You might not even notice that there’s an earthquake if you’re driving unless you’re close to a big one or stopped.


----------



## Michael1230nj (Jun 23, 2017)

“While driving during an Earthquake “. Doomed I tell you Doomed.


----------



## SFOspeedracer (Jun 25, 2019)

just another day in California


----------



## peteyvavs (Nov 18, 2015)

I rather drive through an earthquake then a hurricane.


----------



## njn (Jan 23, 2016)

Earthquakes are not covered under homeowner policies. Acts of god are usually covered.


----------



## TemptingFate (May 2, 2019)

peteyvavs said:


> I rather drive through an earthquake then a hurricane.


I drove during a hurricane when I was a noob.


----------



## peteyvavs (Nov 18, 2015)

TemptingFate said:


> I drove during a hurricane when I was a noob.


I'll bet you'll never do that again.


----------



## mbd (Aug 27, 2018)

If you are a Uber driver, drive towards the earthquake, or any disaster.

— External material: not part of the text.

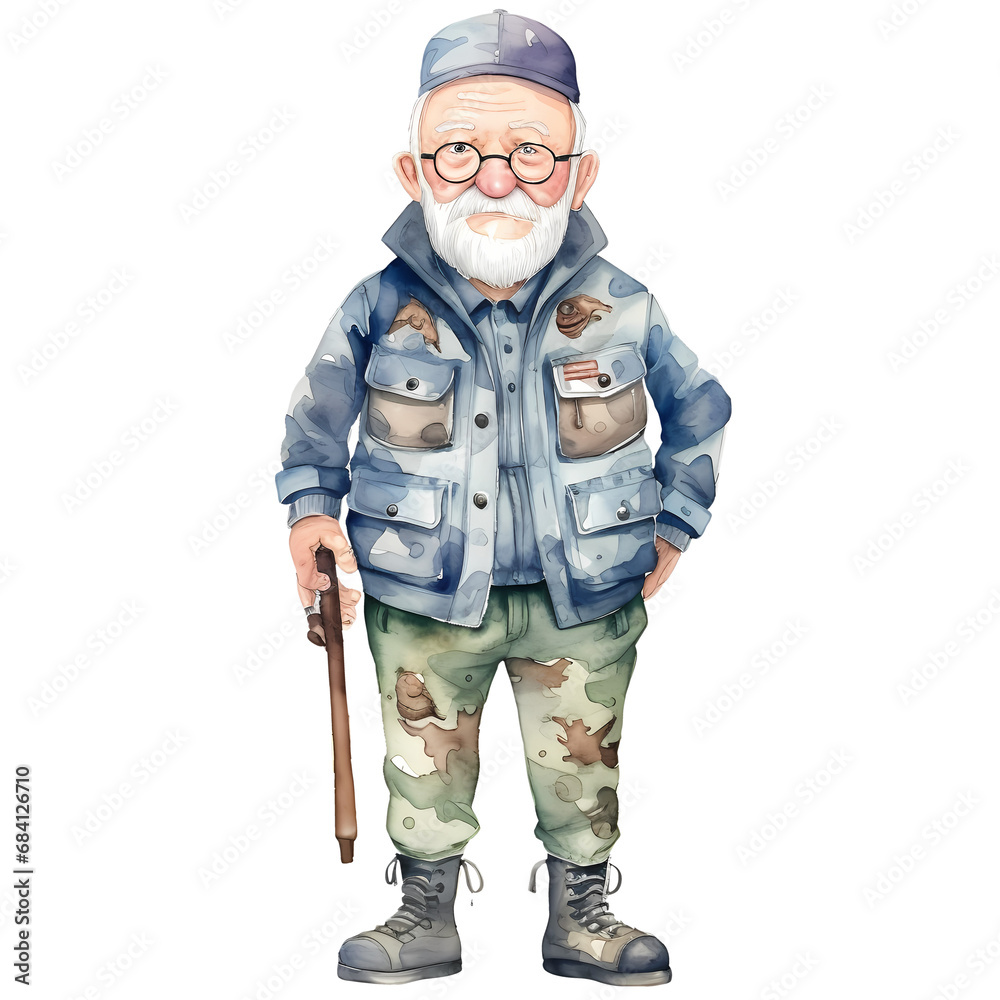 Cute Grandpa Hunting Watercolor Clipart Illustration Cute Grandpa Hunting Watercolor Clipart Illustration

Maybe your car will get totaled and you get paid ?
You got to pay off that 35,000$ x car... wages won’t cover it.


----------



## Ballermaris (Apr 11, 2019)

If driving during an earthquake make sure suspension can handle the "Dukes of Hazzard" Landing when you come off that bridge that just fell. You might get lucky and score a 5* from the Pax for sticking the landing.


----------